The “Clarksburg Resolutions” were widely distributed—news of the secession vote at Richmond outraged loyal Unionists.
49

 

But the sentiment in Western Virginia was far from unanimous. Only days after the Clarksburg mass meeting, “Southern Rights” advocates gathered in that town to endorse the Secession Ordinance. Loyalty was divided even in counties bordering the Ohio River. A Parkersburg newspaper predicted that Lincoln's “treachery” would cause the people of Western Virginia to “repudiate Unionism.”
50

 

On Monday, May 13, 1861, a convention of Unionists met in Wheeling. It was a proceeding of dubious legality. Attending were more than four hundred delegates from twenty-seven counties. Some had been chosen at public forums, others had been picked by irregular means—even at secret gatherings in the dead of night. The delegates traveled to Wheeling at their own peril.
51

 

Nonetheless, Wheeling was a safe venue. Located on the Ohio River in the panhandle far northwest of Richmond, it was Western Virginia's largest city with fourteen thousand residents. Wheeling was one of the few population centers in the state with an overwhelming majority of Unionists. It was a major manufacturing hub. Large numbers of immigrant workers gave the city a decidedly northern flavor.
52

 

The Wheeling convention sparked intense curiosity. Reporters attended from New York, Chicago, Cincinnati, Pittsburgh, and other northern cities. The town was decked out in patriotic splendor—flags by the hundreds waved from the streets. Bands blared as throngs of visitors arrived by steamboat and train in a “spectacle to stir the blood.”

 

The convention opened at Washington Hall; inside, a large stage decorated with bunting overlooked the eager, fluttering mass.

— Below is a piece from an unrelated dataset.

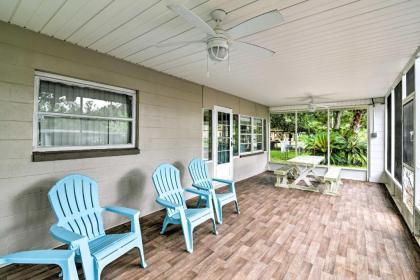 Updated Rustic Yankeetown Home with Lanai Canal Dock - image 14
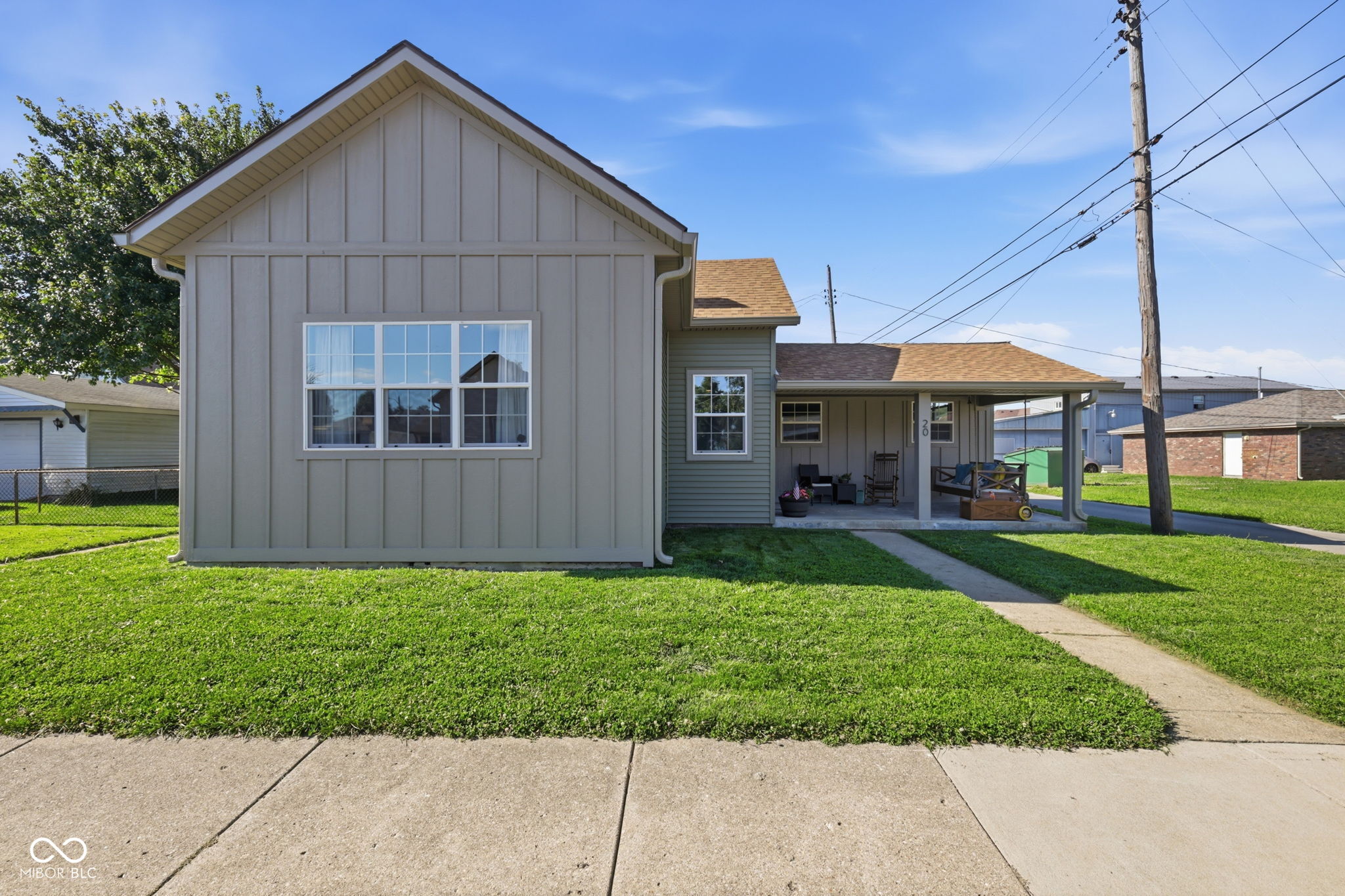 20 W Locust Street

Grafton attorney George Latham was made temporary secretary and recorded debate. The bombastic John Carlile rose to call for action. Ignoring arguments that the convention lacked authority, he sought no less than a new state government to shield the people of Western Virginia from the “rattlesnake flag” of the Confederacy.
The convention promptly split into two factions: those advocating deliberation until the May 23 referendum on Virginia secession, and those seeking—without delay—a new state.
53

 

Carlile spoke as chief advocate for division of the state. A large banner with the inscription “New Virginia, now or never” served as his backdrop. “Let this Convention show its loyalty to the Union, and call upon the government to furnish them with means of defense, and they will be furnished,” he exclaimed. “There are 2,000 Minnie muskets here now; and more on the way, thank God.

 

“Let us act; let us repudiate these monstrous usurpations; let us show our loyalty to Virginia and the Union at every hazard. It is useless to cry peace when there is no peace; and I for one will repeat what was said by one of Virginia's noblest sons and greatest statesmen, ‘Give me liberty or give me death!'” Delegates responded with thunderous cheers.
54

 

On May 14, Carlile offered a resolution calling for the dismemberment of thirty-two Virginia counties to form a new state. His plan acknowledged Federal law regarding the creation of a new state from the territory of an existing one. A committee would be appointed to draft a constitution and form of government for “the State of New Virginia.”